OPINION | Do billionaires belong at Book Festival?

Nathaniel Miller, Contributing Writer

Emma Clark Luster

The Tulane University Book Festival is returning to campus on March 9. Soon, Tulane students will embody the work hard, play hard mindset and swap their beads for a book or two. The organizers say the festival’s mission is to “attract and captivate book enthusiasts of all ages from all over, especially in New Orleans, Tulane and surrounding communities.” The festival will run from March 9-11, starting Saturday evening, featuring celebrations of world-renowned authors and emerging, local writers.

 This year, the festival boasts several high-profile guests, including billionaires Bill Gates and David Rubenstein.

David Rubenstein is slated to discuss investment practices. Rubenstein is an American billionaire and private equity titan who has become well-known for using part of his fortune to refurbish famous American landmarks. He has frequently been referred to as the “patriotic philanthropist.” However, funding grand projects should not make up for unethical business practices and worker exploitation.

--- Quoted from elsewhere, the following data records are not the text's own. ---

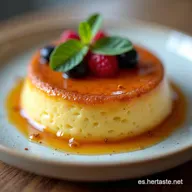Receta F&aacute;cil de Flan de Caf&eacute; Sin Horno Cremoso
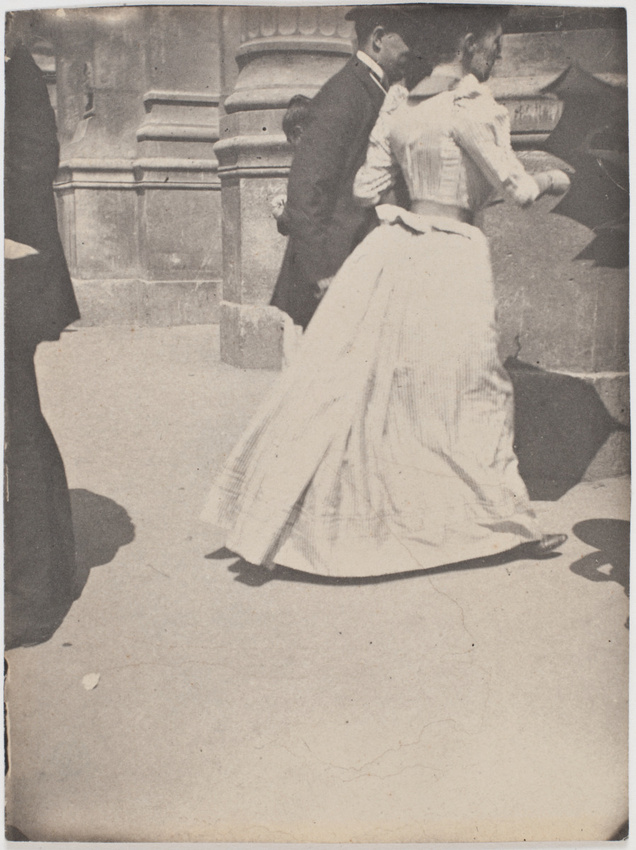 Henri Rivière - Un couple entrant dans la gare du Nord, Paris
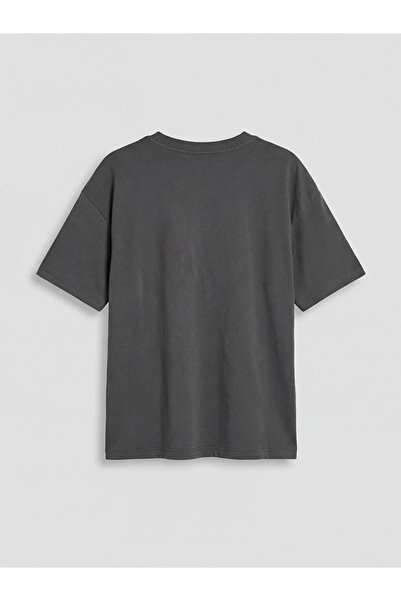 LC Waikiki Λευκό μπλουζάκι για αγόρια με στάμπα με λαιμόκοψη ποδηλάτου, σετ 2...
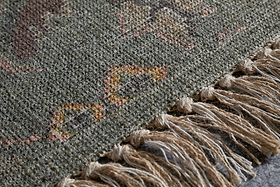 Okuta Jute Heirloom Rug - Olive Green - 150 x 240cm-RUGS-Nkuku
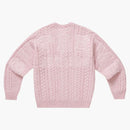 Supreme Appliqué Cable Knit Sweater Pink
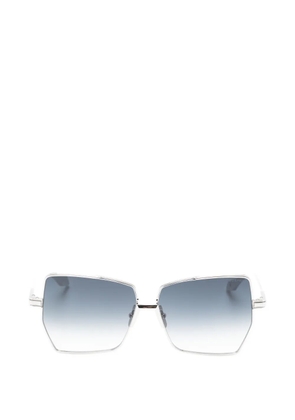 Dita Eyewear Metamorphis geometric-frame sunglasses - Silver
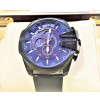 Imported Diesel Little Daddy Blue Dial Black Case Leather Strap Watch For Men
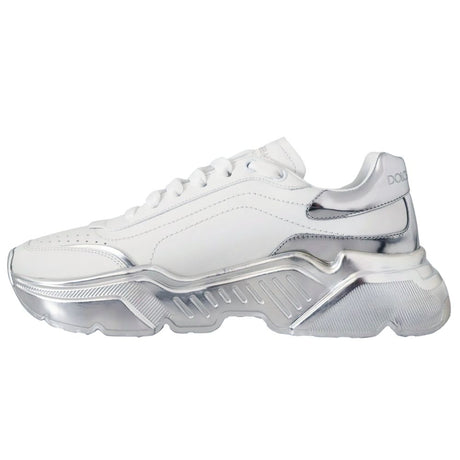 Dolce & Gabbana White Calfskin Men Sneaker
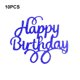 thumbnail image 4 of Bearachild 10 piezas de adornos para cupcakes, tarjeta de inserción para decoración de bebés, accesorios de boda, letrero para fiesta, decoración de Decoración del hogar Azul real Bearachild HA062285-10B, 4 of 6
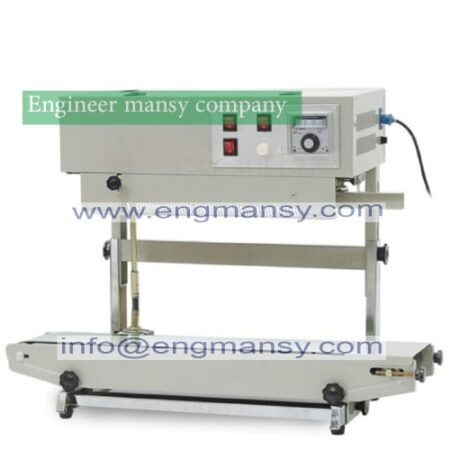 continuous plastic bag sealing machine,automatic sealer machine with embosing code printing Model 303 engineer mansy international brand
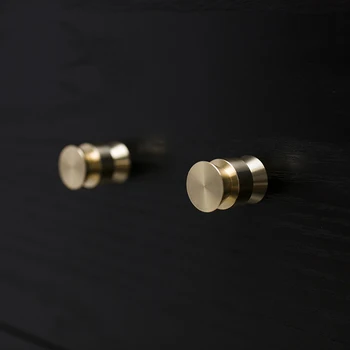 Nordic Brass Knob Golden/Black Drawer Pulls Minimalist Wardrobe Cabinet Brass Single Hole Small Furniture Handle
Nordic Brass Knob Golden/Black Drawer Pulls Minimalist Wardrobe Cabinet Brass Single Hole Small Furniture Handle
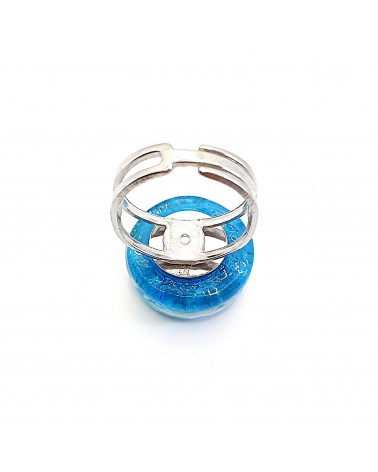 Bague ronde verre Murano bijoux fantaisies made in Italie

So how did Rubenstein make his money? It turns out, not entirely through hard work and investing prowess. Rubenstein exploited a tax loophole in Alaska state law that took advantage of native Alaskans; his critics have dubbed this the “Great Eskimo Scam” of 1983. The move came out of a brief, curious tax loophole that permitted Eskimo-owned Alaskan companies to sell their losses to other American corporations for hard cash. By offsetting the Eskimo losses against their gains, American corporations such as Rubenstein’s avoided income taxes and raked in a fortune. 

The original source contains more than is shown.